Henderson Global Investors has reported net inflows of £3bn in Q1 2014 as it continues to enjoy a turnaround in the fortunes of its retail business.
The increase was driven by inflows of £2.9bn into its retail division, up on the £2.7bn reported in Q4 2013 and the £1.2bn reported in Q3.
The latter figure included Henderson's first net equity fund inflow since 2011, and equities have continued to drive AUM growth at the start of 2014, seeing net flows of £2.8bn in Q1.
In the UK, there were "strong net flows" into the Henderson UK Property Unit trust and the Henderson Cautious Managed fund. Overall, ten retail funds saw net inflows of more than £100m during the period.
But it was the SICAV business that accounted for more than half the £2.9bn retail inflow, with the UK retail arm seeing £684m in net flows.
Henderson's pan-European long only and absolute return SICAVs experienced the highest net inflows.
That helped the group's assets under management rise from £75.2bn as of 31 December to £79.2bn by the end of March.

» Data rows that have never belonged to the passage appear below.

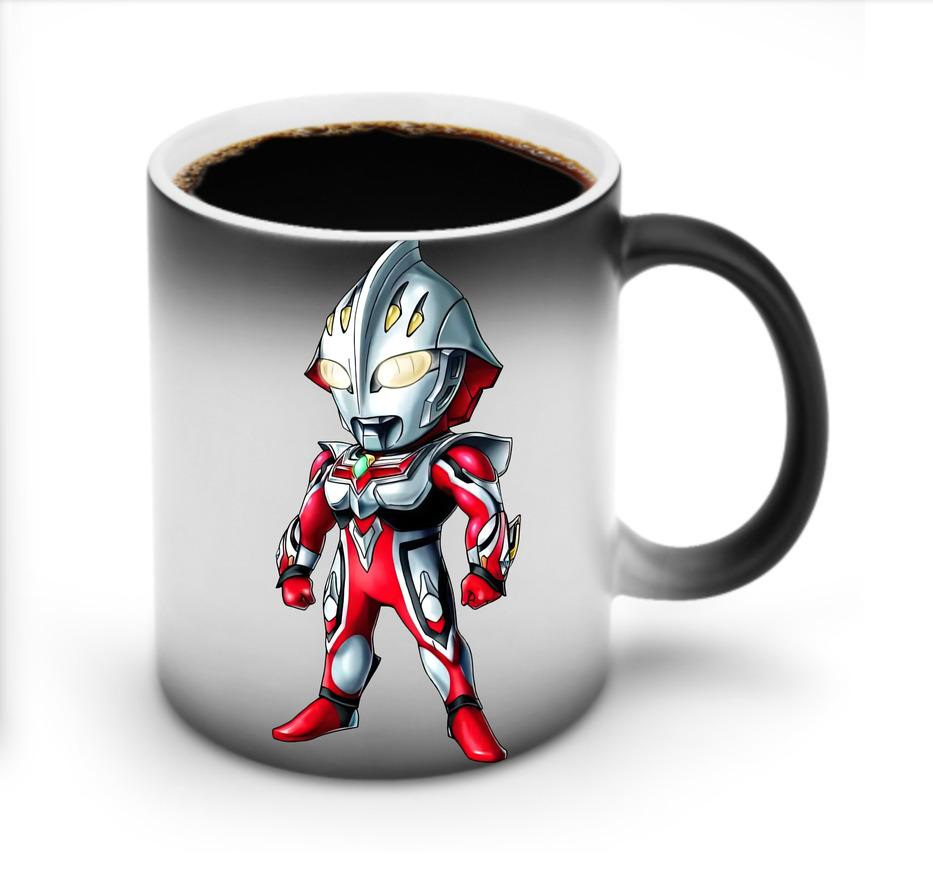 （画像用） ウルトラマン Ultraman 温度変色マグカップ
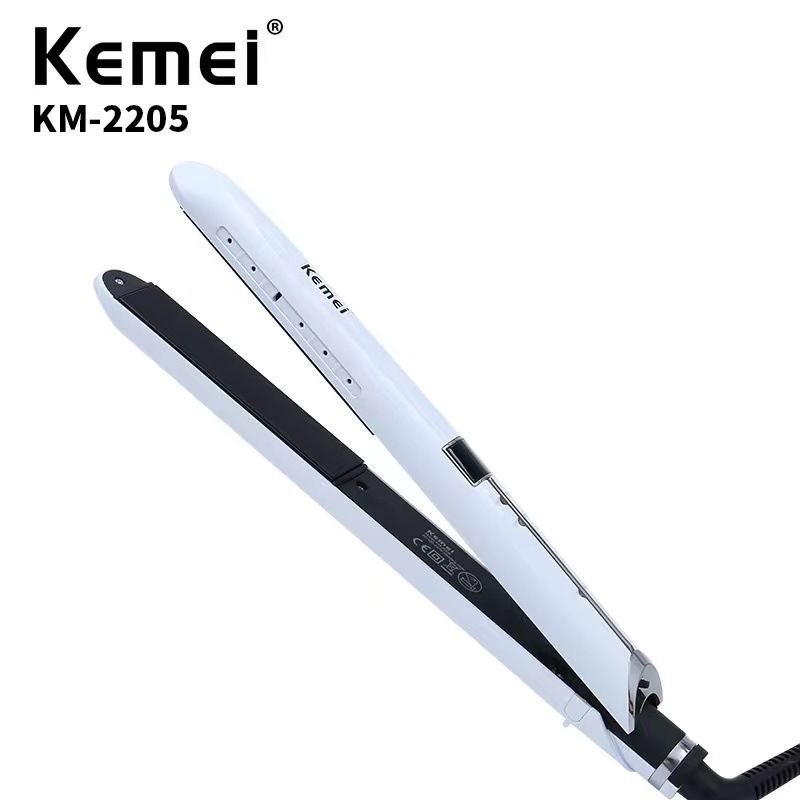Kemei haarglätter KM-2205 glättung platte klemme dual-zweck gerade curler_voghion.com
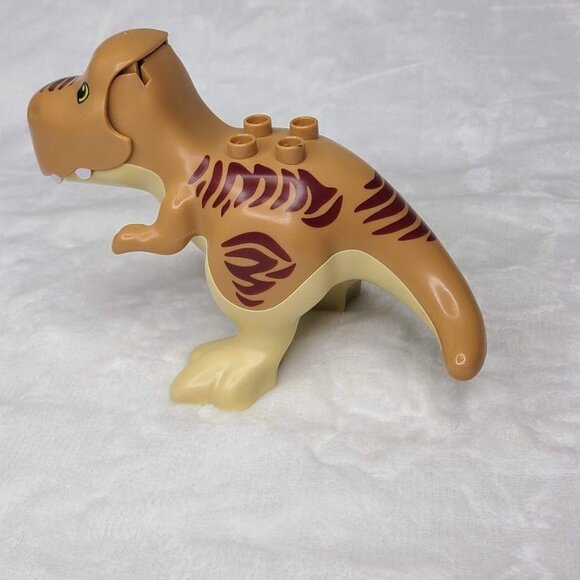Lego Duplo 10939 T-Rex Jurassic World Dinosaur Replacements Brown Prehistoric - Picture 7 of 12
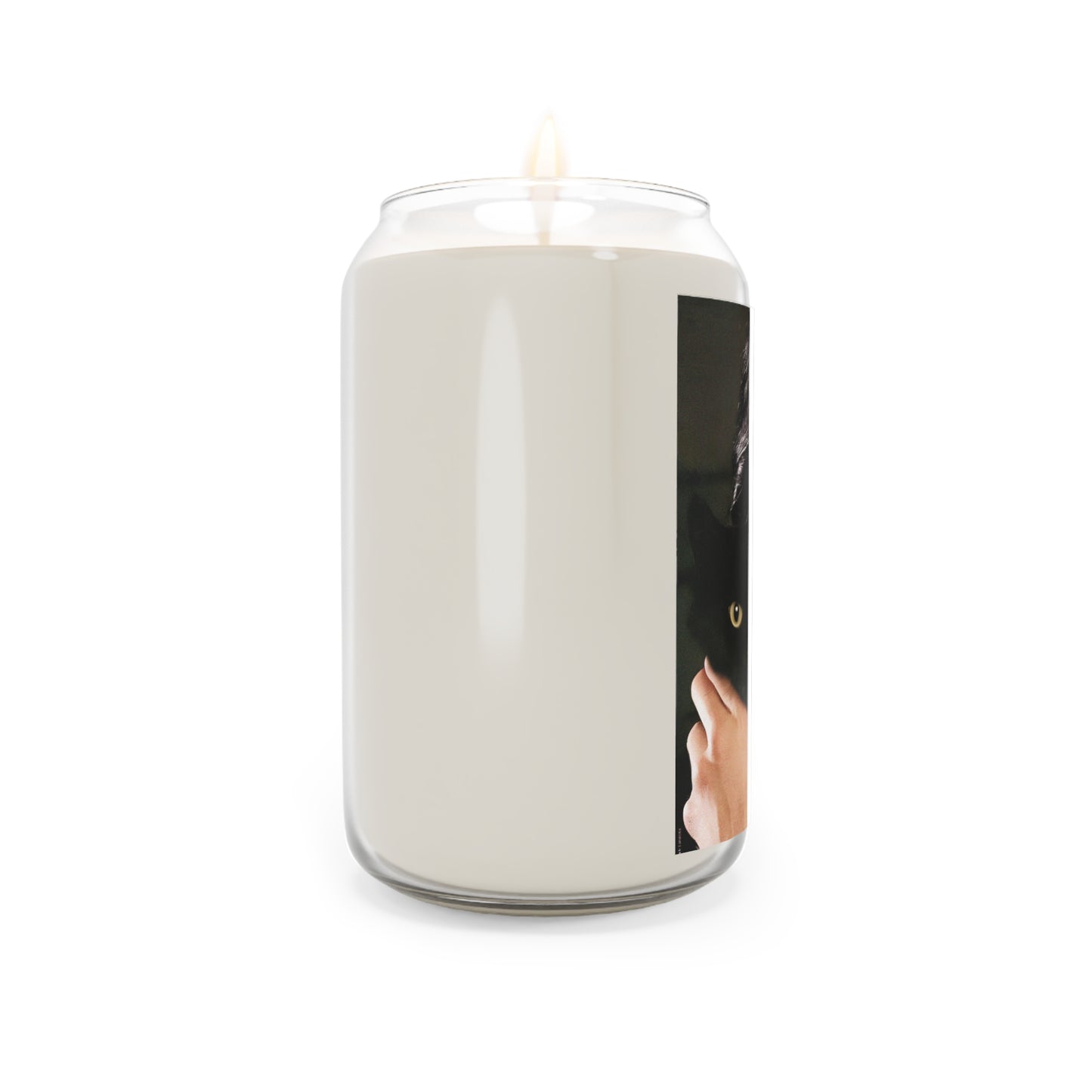 danzig and cat soft lighting scented candle, 13.75oz whatmart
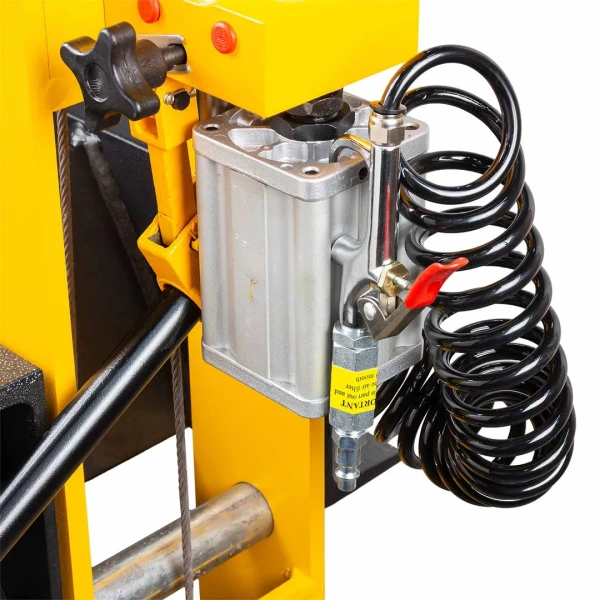 Пресс гидравлический напольный 50т (рабочая высота: 0-890мм, рабочая ширина: 650мм, ход штока: 175мм)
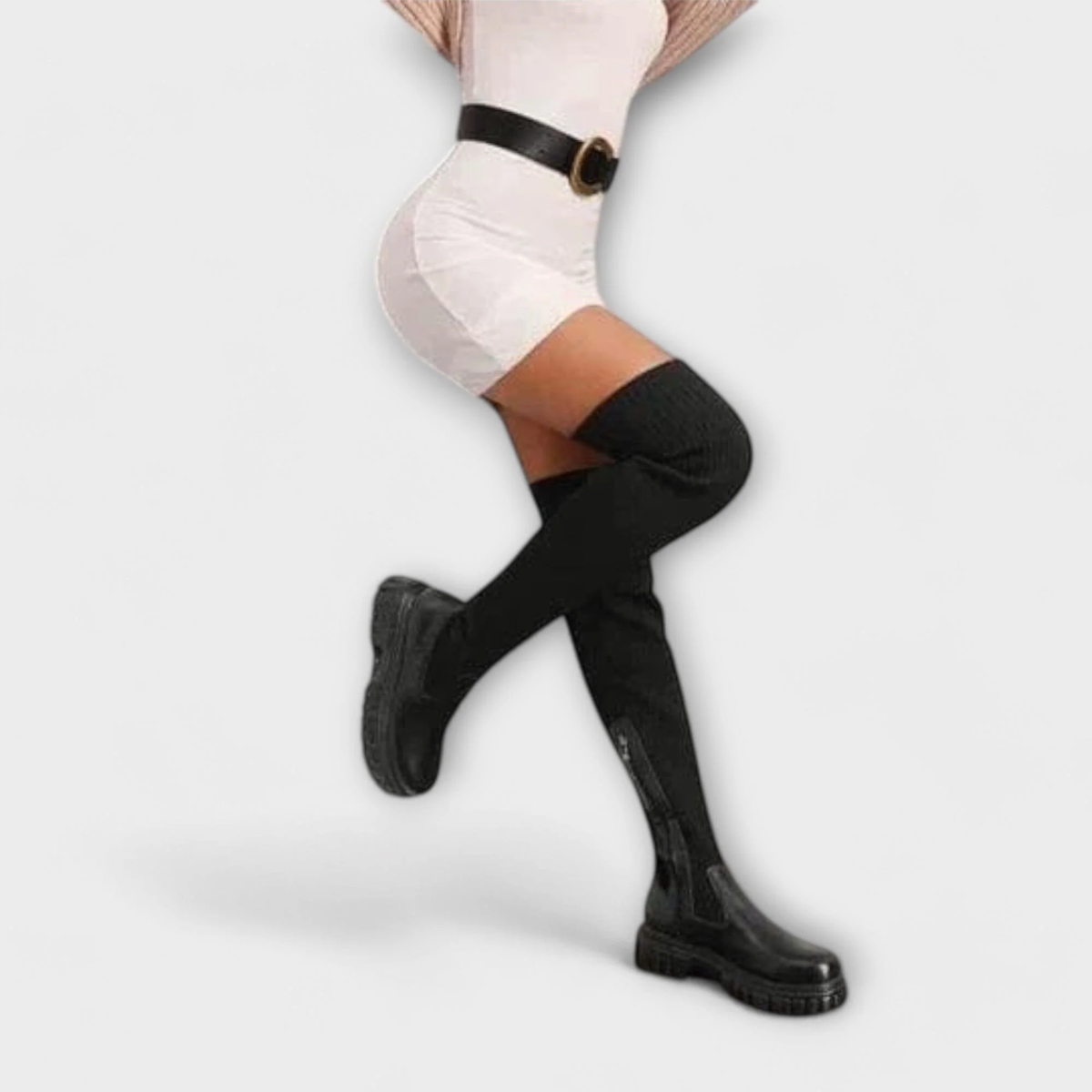 Botas por encima de la rodilla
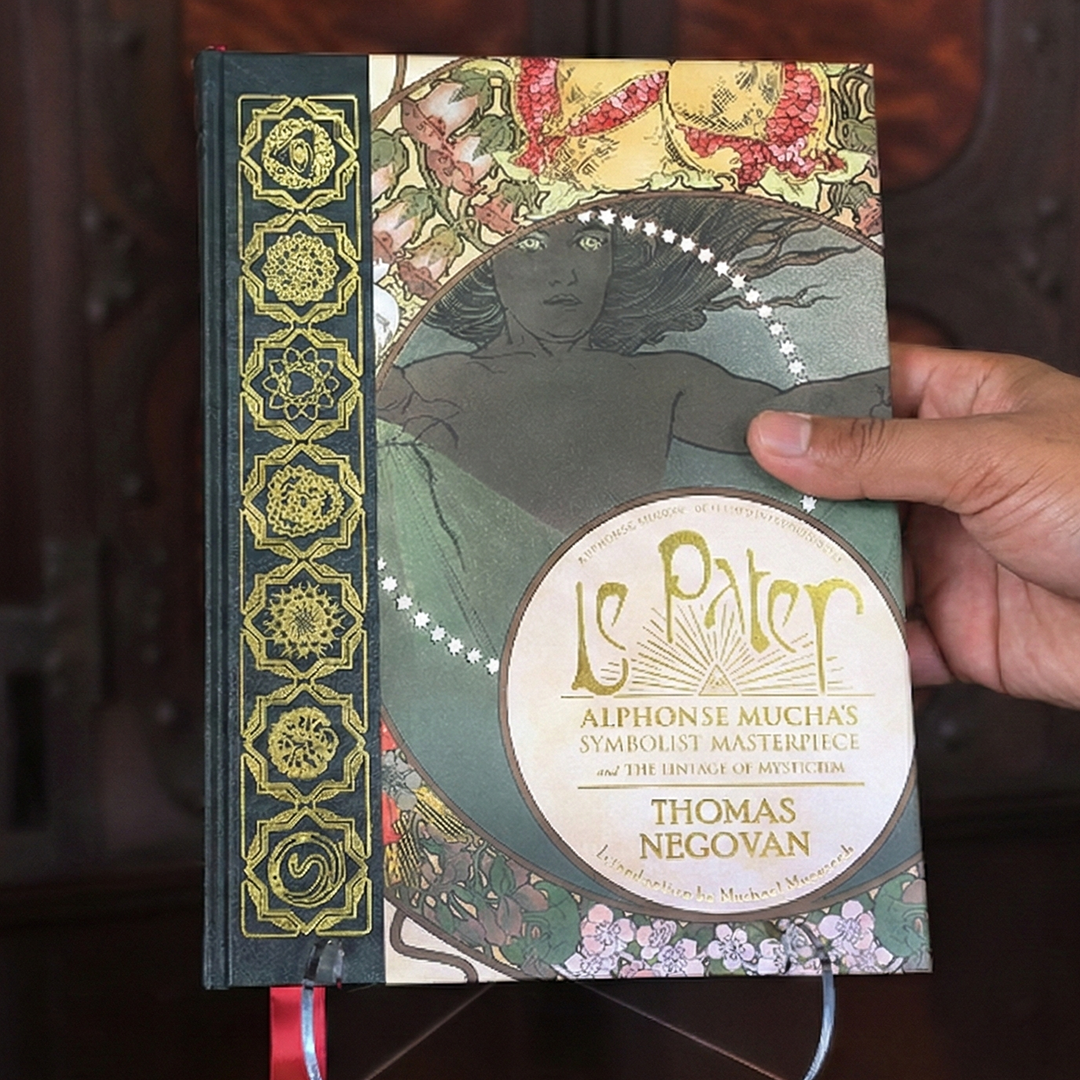 Mucha's Le Pater, Full-Scale 12x16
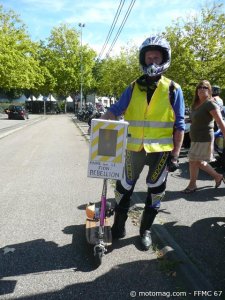Manif 10 septembre Strasbourg : à trottinette !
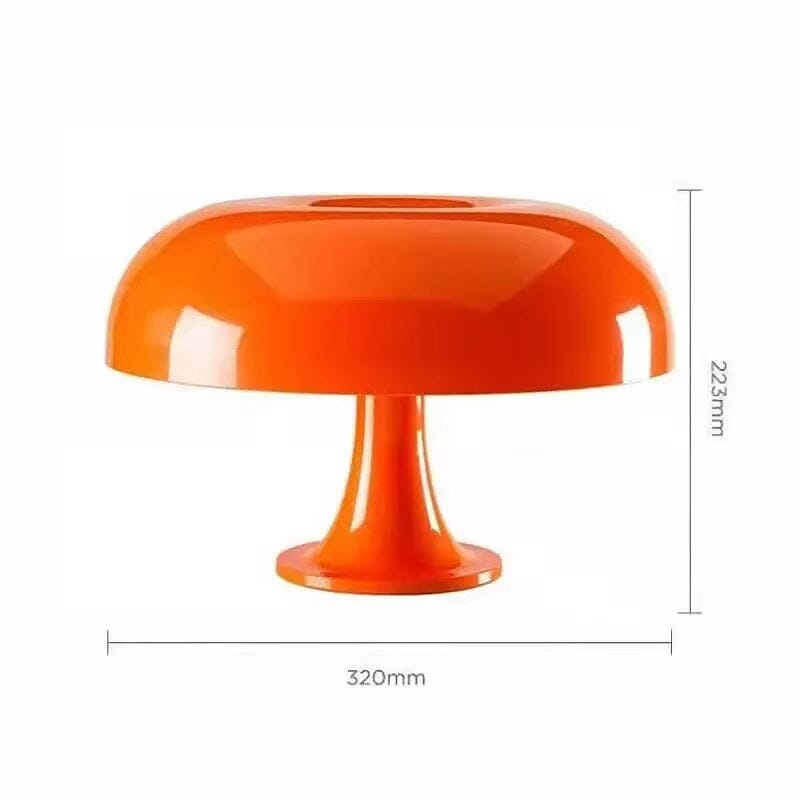 Linea Mushroom LED Table Lamp – 10 Brightness Levels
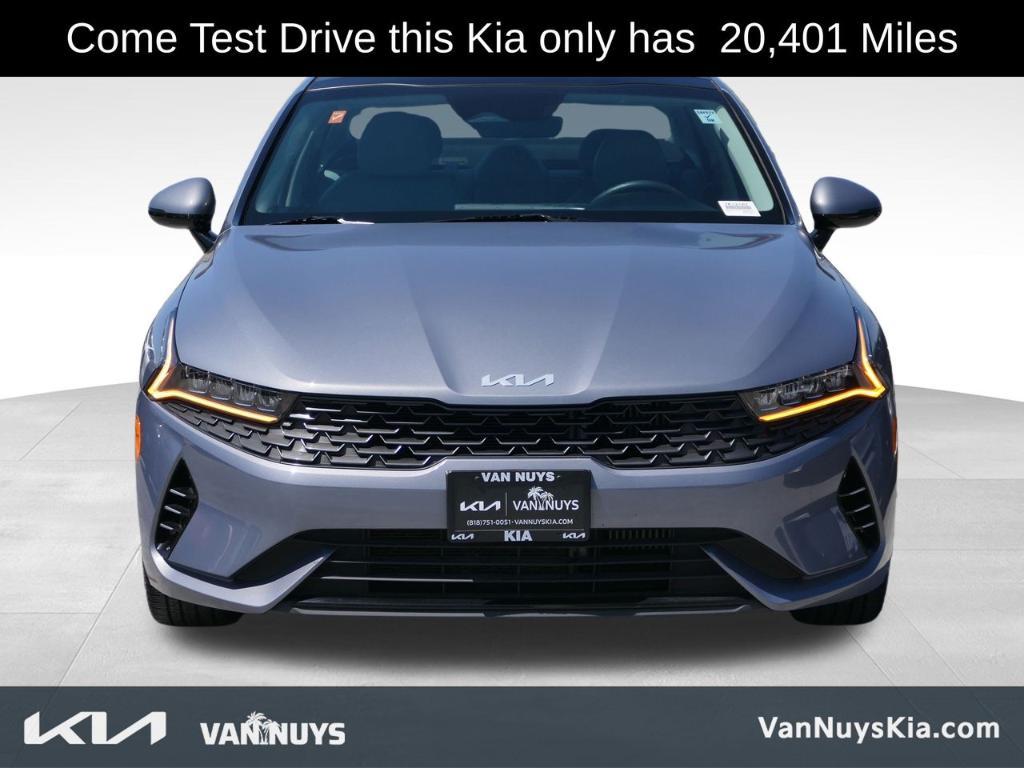 used 2023 Kia K5 car, priced at $26,000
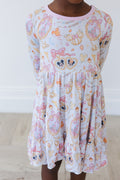 Fall Vibes - Ruffle Dress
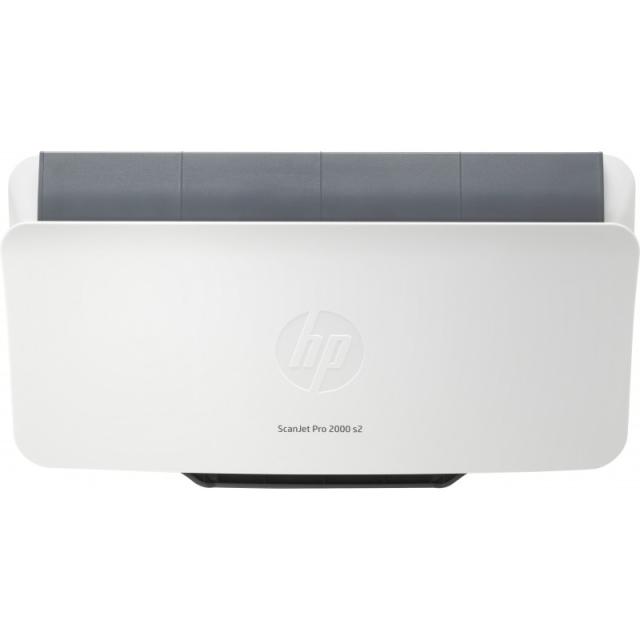 HP - ScanJet Pro 2000 s2 Escáner alimentado con hojas 600 x 600 DPI A4 Negro, Blanco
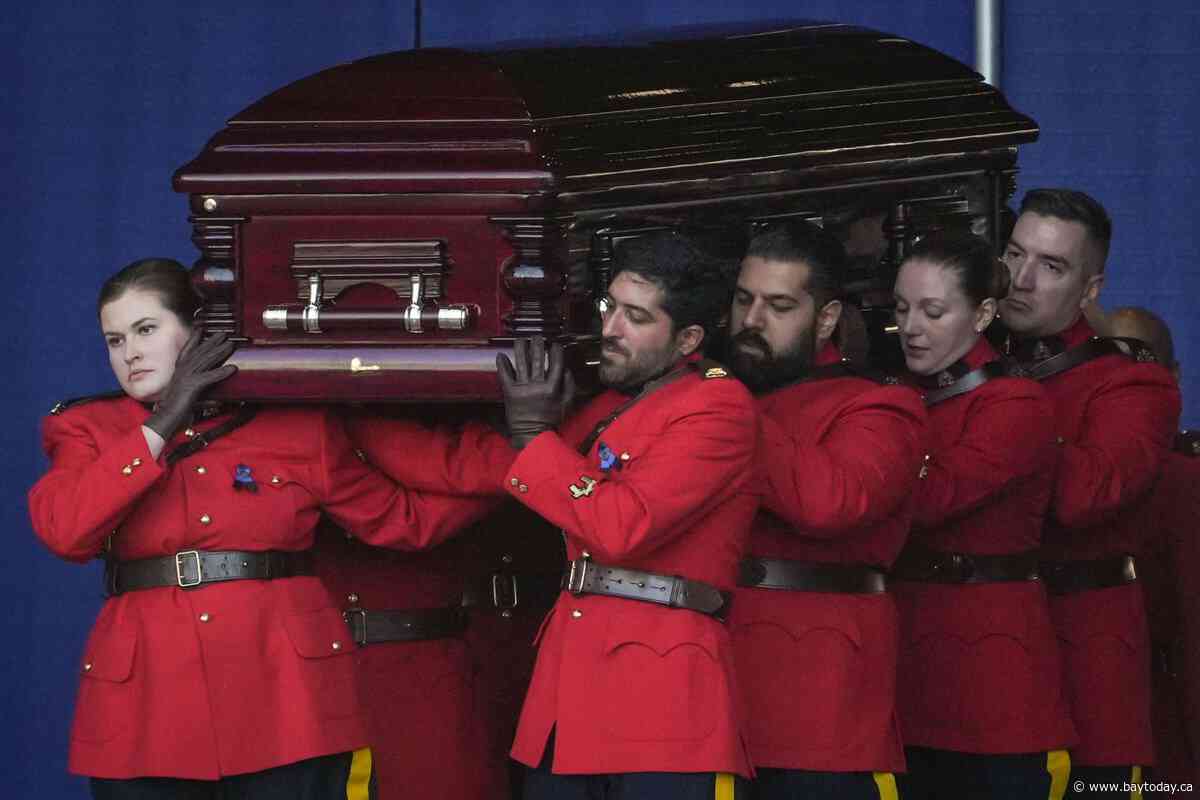 Psychiatrist more sure of schizophrenia in man accused of killing B.C. RCMP officer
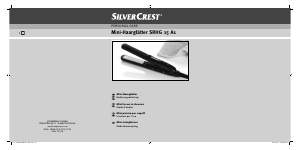 Handleiding SilverCrest IAN 71364 Stijltang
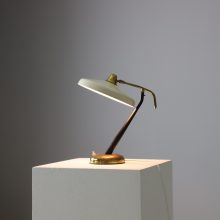 Oscar Torlasco sculptural vintage table lamp by Lumi Milano Italy 1950s Mid century Italian lighting 2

Henderson's institutional business, meanwhile, saw net inflows of £113m as flows into property and segregated mandates offset redemptions from offshore absolute return funds and others.
The group also confirmed it had completed the launch of its TIAA Henderson Real Estate joint venture.
Henderson chief executive Andrew Formica (pictured) said the group made a good start to 2014: "Client demand for European equities was the most significant driver, but solid investment performance and active client engagement worldwide continued to generate interest in all of our core capabilities - European equities, global equities, global fixed income, multi-asset and alternatives.
"In line with our strategy, we are investing selectively in our core capabilities, making new hires and developing our global footprint, all of which should position us well in the years to come."